According to an embodiment of the present disclosure, a closed circuit television (CCTV) system is disclosed. The CCTV system includes a camera, a recorder, and a power supply circuit. The camera is arranged to capture an image. The recorder is arranged to receive the image from the camera and store the image. The power supply circuit includes a transforming circuit, a first output port coupled to the camera, a second output port coupled to the recorder, and a voltage source. The transforming circuit is arranged to generate a direct current (DC) voltage by converting an alternating current (AC) voltage. The voltage source is arranged to be selectively charged by the DC voltage, and to selectively provide a first DC current to the camera via the first output port and a second DC current to the recorder via the second output port.

According to an embodiment of the present disclosure, a power supply circuit of a closed circuit television (CCTV) system is disclosed. The CCTV system includes a camera and a recorder, wherein the camera is arranged to capture an image and the recorder is arranged to receive the image from the camera and store the image. The power supply circuit includes a transforming circuit, a first output port coupled to the camera, a second output port coupled to the recorder, and a voltage source. The transforming circuit is arranged to generate a DC voltage by converting an AC voltage. The voltage source is arranged to be selectively charged by the DC voltage, and to selectively provide a first DC current to the camera via the first output port and a second DC current to the recorder via the second output port.

One embodiment of the present disclosure discloses a power supply method of a closed circuit television (CCTV) system, wherein the CCTV system includes a camera and a recorder, and the camera is arranged to capture an image and the recorder is arranged to receive the image from the camera and store the image. The method includes: selectively discharging a battery of the CCTV system to provide a first DC current to the camera and a second DC current to the recorder when a power supply from the electrical power grid provided to the CCTV system fails.
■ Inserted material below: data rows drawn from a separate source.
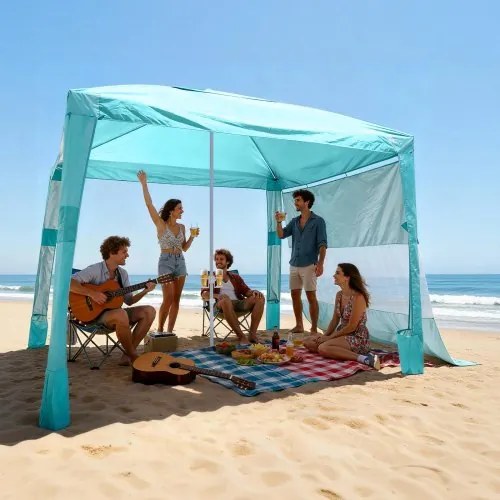 VEVOR strandcabana, 2,4 x 2,4 m strandtent met zijwanden, UPF 50+ zonbescherming, strandpaviljoen met zandzakken, in hoogte verstelbaar en draagbaar zonnescherm voor familie en vrienden, groen
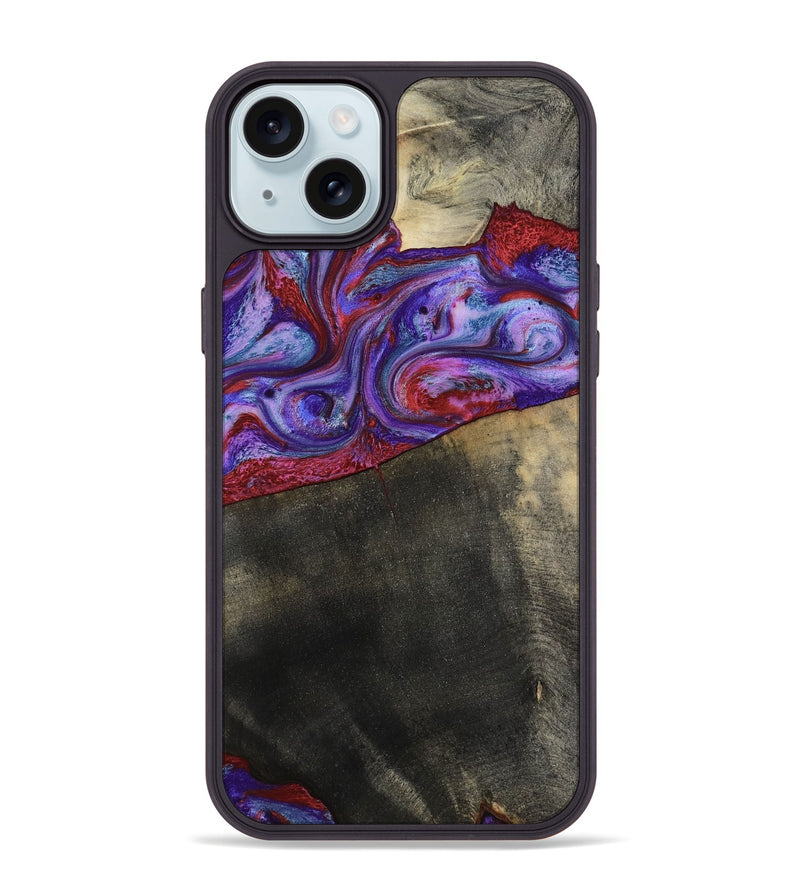 iPhone 15 Plus Wood Phone Case - Candice (Purple, 782284)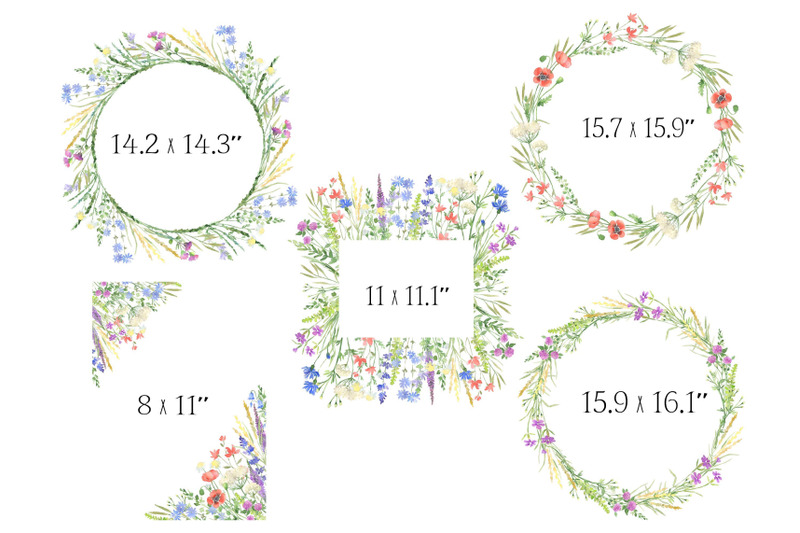 watercolor-wildflowers-frames-clipart-botanical-floral-wreath-flowers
BRIEF DESCRIPTION OF THE DRAWINGS

Aspects of the present disclosure are best understood from the following detailed description when read with the accompanying figures. It should be noted that, in accordance with the standard practice in the industry, various features are not drawn to scale. In fact, the dimensions of the various features may be arbitrarily increased or reduced for clarity of discussion.

FIG. 1 is a diagram illustrating a closed circuit television system according an embodiment of the present disclosure.

FIG. 2 is a diagram illustrating a transforming circuit according to an embodiment of the present disclosure.

FIG. 3 is a diagram illustrating an input filter circuit according to an embodiment of the present disclosure.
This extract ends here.